I try to build my own class of nn.Linear called MaskedLinear that is supposed to set some weights to 0 and keep the others. The input is a matrix of shape (1024, 1024) and the masks is the same size matrix full of ones and zeros (the first n columns of the matrix = 1 and the last columns are full of 0).

Here is my implementation so far:

class MaskedLinear(nn.Linear):
    def __init__(self, in_features, out_features, bias=True):
        super().__init__(in_features, out_features, bias)
        
    def forward(self, input, masks):
        # `input` is of shape (batch_size, 1024, 1024)
        masks = masks.view(-1, 1, 1024*1024)
        # Expand the tensor to enable multiplication with self.weight
        masks = masks.expand(-1, self.weight.size(0), 1024*1024)
        print("input ", input.shape)
        print("masks ", masks.shape)
        print("self.weight ", self.weight.shape)
        return F.linear(input, masks * self.weight, self.bias)

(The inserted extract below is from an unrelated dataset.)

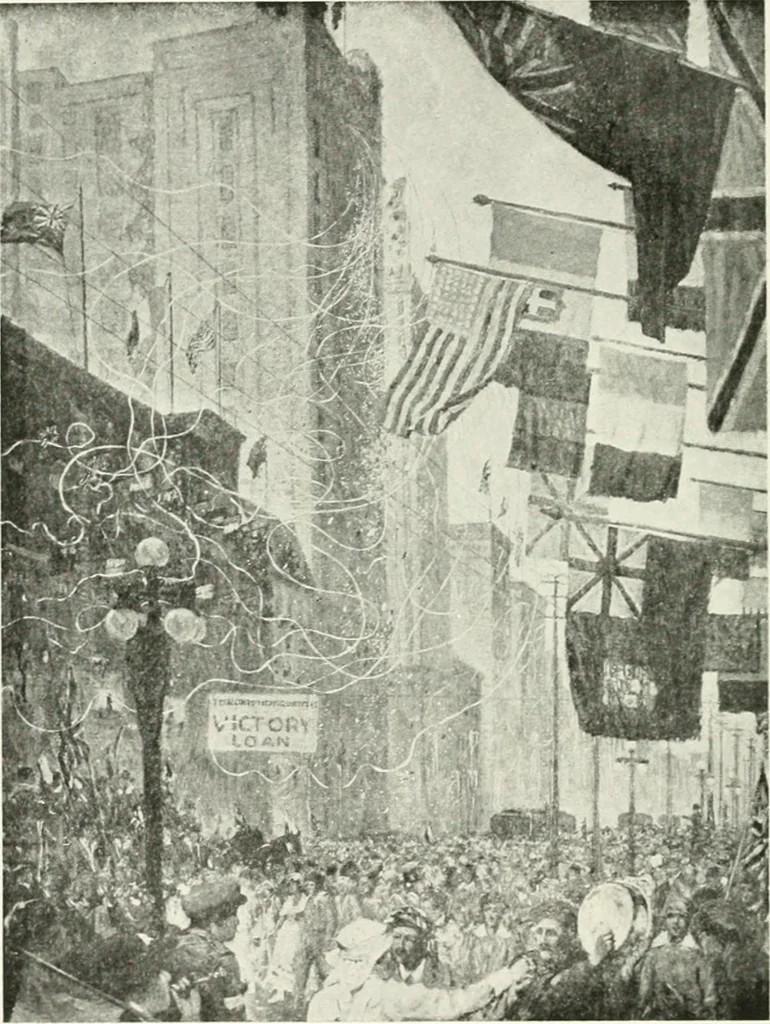 An illustration from Catalogue of pictures, sculpture, drawings, etchings and lithographs done by Canadian artists in Canada : under the authority of the Canadian War Memorials Fund and exhibited for the first time at the Art Gallery of Toronto, from October 18th to November 12th, 1919, 1919, leaf 19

And here is the error I get:

Cell In [36], line 14, in MaskedLinear.forward(self, input, masks)
     12 print("masks ", masks.shape)
     13 print("self.weight ", self.weight.shape)
---> 14 return F.linear(input, masks * self.weight, self.bias)

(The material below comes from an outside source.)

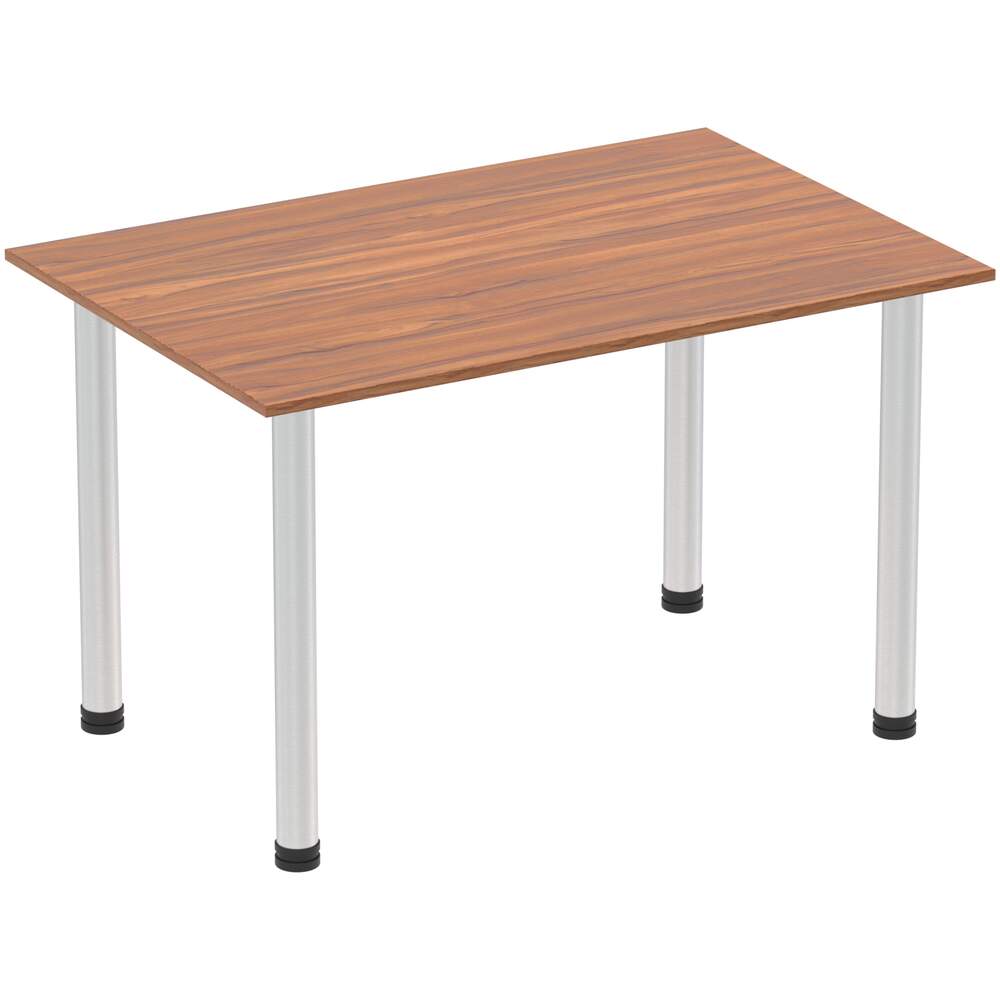Impulse 1200mm Straight Table Walnut Top Brushed Aluminium Post Leg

RuntimeError: t() expects a tensor with <= 2 dimensions, but self is 3D

The corresponding layer is:

MaskedLinear(1024*1024, 128)

When I print the shapes of input, masks and self.weight it looks like:

input  torch.Size([8, 1048576])
masks  torch.Size([8, 128, 1048576])
self.weight  torch.Size([128, 1048576])

First, I don’t understand why the batch dimension is not managed.
Second question : is it the right way to mask the weights ?

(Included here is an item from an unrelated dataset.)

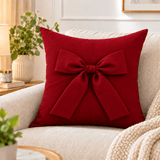 Premium Bow Throw Cotton Cushion Cover - The Linen House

So do you want to mask the weight or the input?
So the weight is necessarily 2d in F.linear, but you could use matmul or einsum or whatever fits your tastes (plus adding the bias) to replace linear.

Best regards

Thomas

I don’t want the network to learn the padded sections of the matrix (c.f the screenshot of 2 partial examples below: true images are up, below are the predicted ones. Dark blue represents padding, so is “false” masking).
I use a custom MaskedMSE loss function, where I can pass my masking so that the network does not backpropagate errors on padded sections. The missing thing is to apply the masking in the layers of the network (only nn.Linear).

I am not very familiar with matmul and einsum…

I cannot comment on the design, but so if the input (not the weight) is masked to 0 in the forward pass, the gradient contribution to the weight that is applied to that masked part should should be 0 (because the backward computation matrix multiplies the gradient of the output with the input (in the right order, with the right transpositions) to get the weight gradient?
If you have NaNs/infs that won’t work, though and you need to deal with those.

Best regards

Thomas

1 Like

Sorry for the late reply.
Indeed, I finally am able to mask the input in the forward pass so it is not necessary to do anything particular at the loss calculation for the reason you explained.
Thanks for the explanations !